I'm inside, as usual, and doing work (though obviously also taking time to do other things online, as is my wont when I'm in the office on a weekend). It seems that the universe has conspired to make my last few months with the Fund an insane whirlwind. Put it this way: I'm certainly earning my paycheck. We're short-staffed currently by two people - Doug's on leave and my coworker Stephanie left abruptly a couple of weeks ago to move to Minnesota with her ailing girlfriend. It wasn't a happy time for any of us, as she handled things fairly immaturely and screwed us all over in the process. But we're getting used to the additional load and I'm trying to make time to enjoy things outside of work so that I don't get dragged down too much by the stress. So far my success is middling - I haven't collapsed in a nervy puddle of tears, but I've also been packing on the pounds just when I want to be losing them, as my old reliable coping mechanism of stuffing my face with junk has come back with a vengeance. Someday I'll sort this out, but evidently not now. I think the best I can do is remain conscious of what I'm doing and keep trying to fight it off.
The other week I read a book I'd been waiting on for a long time, The Happiness Project by Gretchen Rubin.
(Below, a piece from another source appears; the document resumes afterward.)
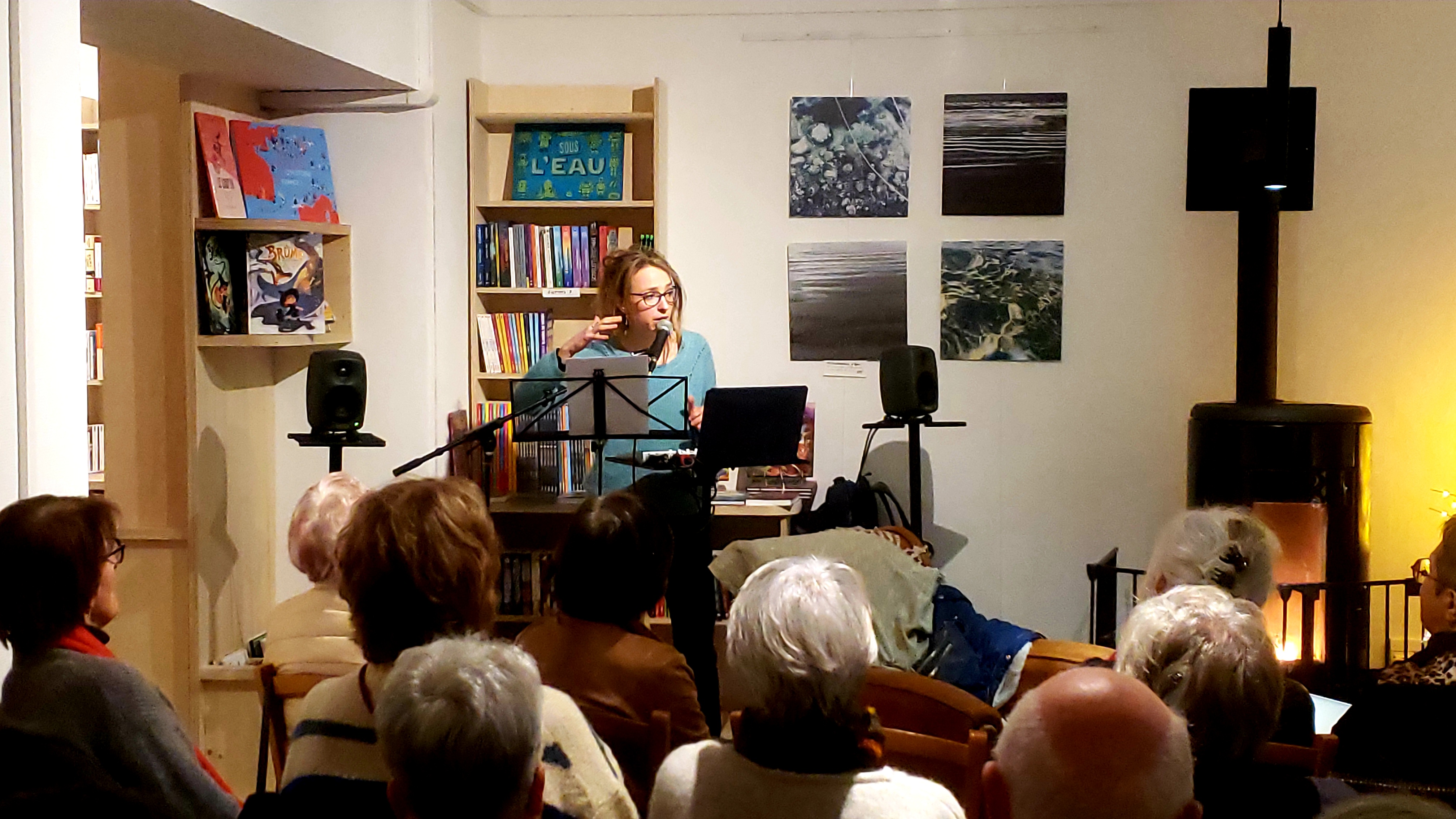 Sophie Berger, romancière invitée au Comptoir Gâvrais pour présenter son premier roman, lors d’une rencontre-littéraire (Gâvres, Morbihan, 56)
I am increasingly convinced that happiness is a matter of will, assuming that you're not chemically depressed or under some kind of extenuating tragic circumstances. My late and beloved grandmother is a perfect example. She was a determinedly optimistic person who insisted on emphasizing the positive, as the old song goes, and it showed. She remained cheerful even in the last year of her life, after a stroke robbed her of speech and independent locomotion. She lifted the spirits of others even as they came to the nursing home to cheer her up. As a child and adolescent, I thought she was daffy for wanting to focus on the bright side all the time; I saw her willful cheer as naive, obtuse; a refusal to see things as they really are. Now, though, I wish I could sit down with her and let her know that I admire that quality and aspire to emulate it.
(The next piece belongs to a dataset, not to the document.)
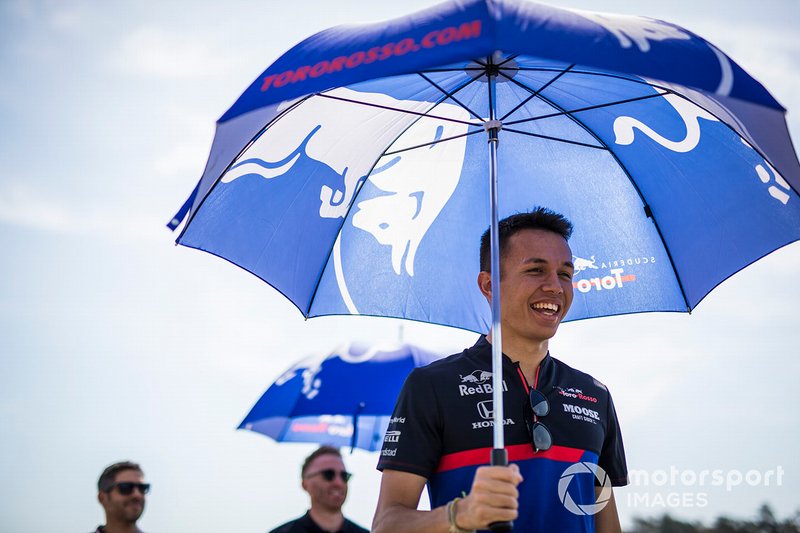 Alexander Albon, Toro Rosso recorre la pista con sus mecánicos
I'm not a naturally effervescent person. I don't look for the silver lining or keep on the sunny side of life. Neither is Rubin; she has an idyllic life (she writes for a living, which is her passion; she's married to a man she adores and has two little girls and an apartment in Manhattan) but like any of us she worries, nags, and complains her days away. She writes that one day she had an epiphany and realized that she wanted to be happier. Hence the Happiness Project, a yearlong foray into the study and practice of happiness through resolutions, splendid truths, and personal commandments. It's a fascinating story - a self-help book through the lens of a memoir, which (at least for me) makes it go down a bit easier.
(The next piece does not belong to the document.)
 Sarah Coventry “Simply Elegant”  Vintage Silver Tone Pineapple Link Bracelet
I haven't by any means started my own Happiness Project, but I do feel that the last few weeks I've been more conscious of trying to express and amplify the moments when I am happy, and to try to create more joy. I picked up my knitting again and figured out how to purl for the first time, and I'm in the middle of a rather awful scarf that I am using purely for practice. I bought a pretty little book and began keeping a daily journal, in which I force myself to be methodical and keep the entries short so that I will maintain the practice. I have made myself smile, deliberately, when I notice fresh air or beautiful flowers or something interesting and delightful. I joined the local rec center with a friend and began swimming a mile three times a week before work.
I think it's all making a difference - perhaps, as Rubin notes in the book, more in the absence of negative emotions than in the greater presence of positive ones. I will be making a big change in the fall, when I leave both my job and my home for the last four years. That decision in itself was motivated by my desire to find happiness, or create it for myself. I know, however, that the process will be stressful. I'll need every inner resource I possess to remain calm, not to sweat the little - or even the big - things, and, as my grandmother would remind me, to emphasize the positive. Hopefully the consciousness I'm working to develop - happiness meditation, perhaps, would be a good descriptor - will grow, and stay with me in the coming months.